While expressing appreciation for the forbearance Donovan has promised, industry executives continue to press their argument that HUD should withdraw the rules and substantially rewrite them. In an October 13 letter to Donovan, five trade groups, including the Mortgage Bankers Association, the American Bankers Association, and the Consumer Mortgage Coalition repeated their warning that “despite the best motivations of HUD and the sincerest efforts of the industry, we are headed for a mortgage market train wreck on the tracks of RESPA compliance.”
The 33-page letter details extensive complaints about the rules and contends that the guidance HUD has issued to date, in the form of frequently-asked-questions, has failed to address industry concerns or answer outstanding questions about the implications and impact of the new RESPA requirements.
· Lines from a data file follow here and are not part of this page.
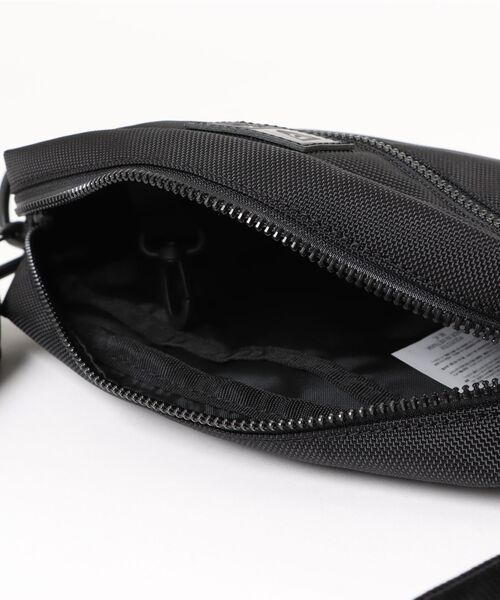 NEW ERA(ニューエラ)の「【ムラサキスポーツ別注】NEW ERA/ニューエラ ショルダーバック S POUCH LARGE MS 14699378(ショルダーバッグ・メンズ・ブラック・FREE)」の4枚目の写真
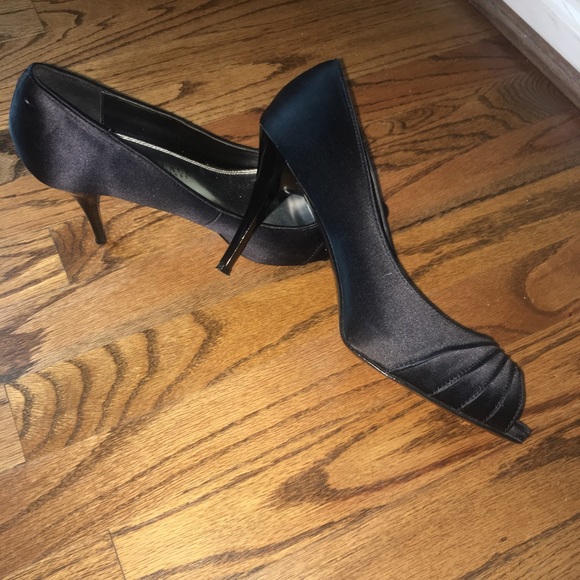 White House Black Market Black Satin Heels Sz 9.5 - Picture 4 of 5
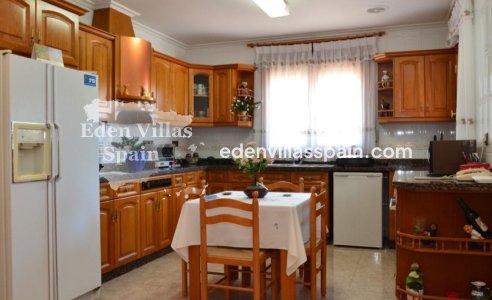 Resale - Urbanisation detached Villa - Santa Pola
Many of the FAQs are “further complicating the process of developing systems that will enable lenders and other mortgage service providers to deliver RESPA-compliant loans,” the letter asserts, noting that some of the HUD’s interpretations are “inconsistent with the rule,” while others “clearly have unintended consequences to consumers.”
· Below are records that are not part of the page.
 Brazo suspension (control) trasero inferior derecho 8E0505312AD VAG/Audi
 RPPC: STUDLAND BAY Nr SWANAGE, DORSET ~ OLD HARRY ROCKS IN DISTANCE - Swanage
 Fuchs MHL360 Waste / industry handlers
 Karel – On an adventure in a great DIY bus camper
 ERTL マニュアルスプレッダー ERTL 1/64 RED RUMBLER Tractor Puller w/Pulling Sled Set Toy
The trade groups urge HUD to resolve still unanswered questions, then provide “a reasonable implementation period” before making compliance mandatory, and notify the public that during that implementation period “use of the new or old forms will not constitute a violation of RESPA.”
“Without taking the steps recommended above,” the letter warns, “widespread consumer confusion, crippling market dysfunction, and a strong possibility of an imminent litigation morass are on the horizon.”
RECOVERY SIGN?
Recent reports of modest but continuing increases in home sales look somewhat less encouraging when you realize that nearly one-third of those transactions involved distressed sales – short sales or foreclosures. Still, the National Association of Realtors (NAR) was able to find at least some good news in the data compiled for the association’s annual “Profile of Home Buyers and Sellers. Particularly encouraging, according to the NAR: First-time buyers accounted for the largest proportion of purchases on record in the past year. Their 47 percent market share was up from 41 percent in 2008 and topped the previous high of 44 percent in 1991. Why is this good news? Because “the last cyclical peak of first-time home buyers was during the last noteworthy downturn,” Paul Bishop, vice president of research for the NAR, explained at the association’s recent annual conference. And that first-time buyer surge, he recalled “started the chain reaction that led the nation out of recession.”